◆ **Data below**:
<<<<

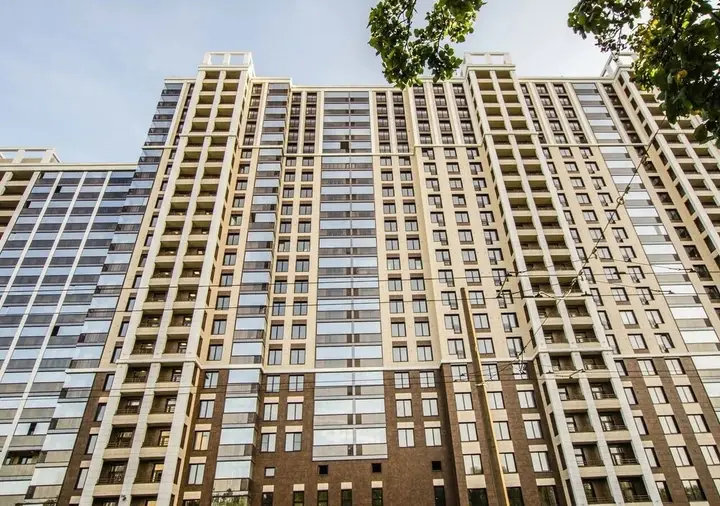 Санкт-Петербург: Moscow City Apartment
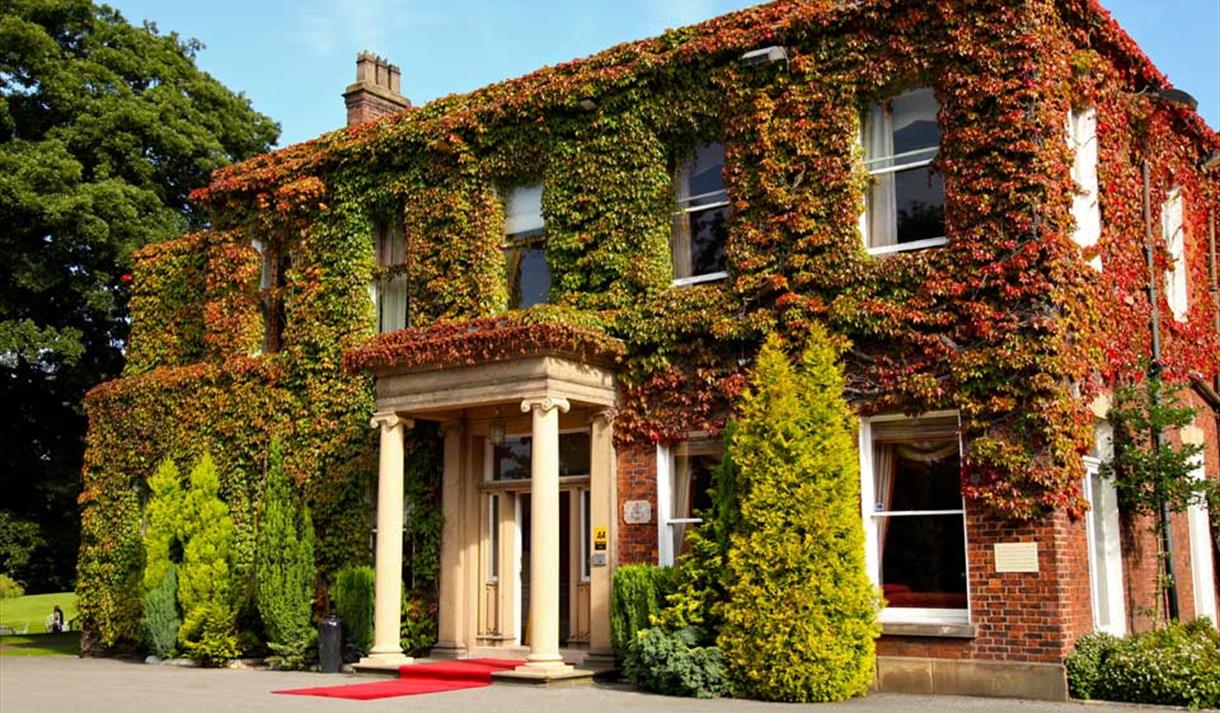 Farington Lodge - Wedding Venue Lancashire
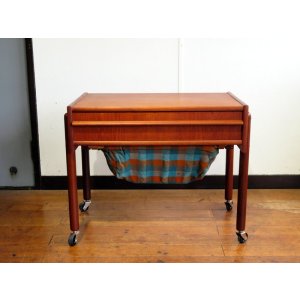 画像: DK Sewing table OH0169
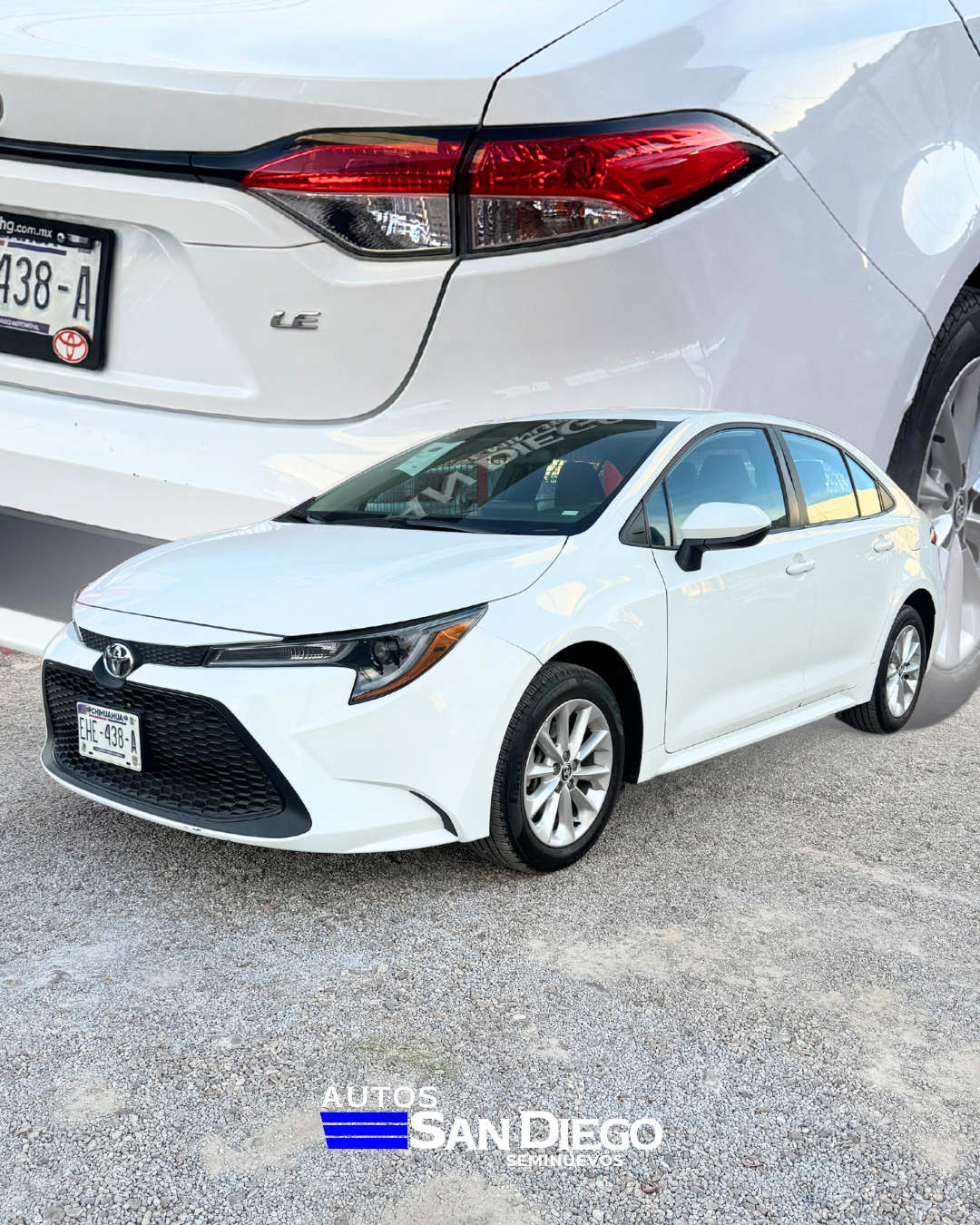 Toyota Corolla 2021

>>>>

◆ **Exercise**: Transcribe the listing above verbatim. Omit the pictures.

◆ **Response area**:
 Санкт-Петербург: Moscow City Apartment
 Farington Lodge - Wedding Venue Lancashire
 画像: DK Sewing table OH0169
 Toyota Corolla 2021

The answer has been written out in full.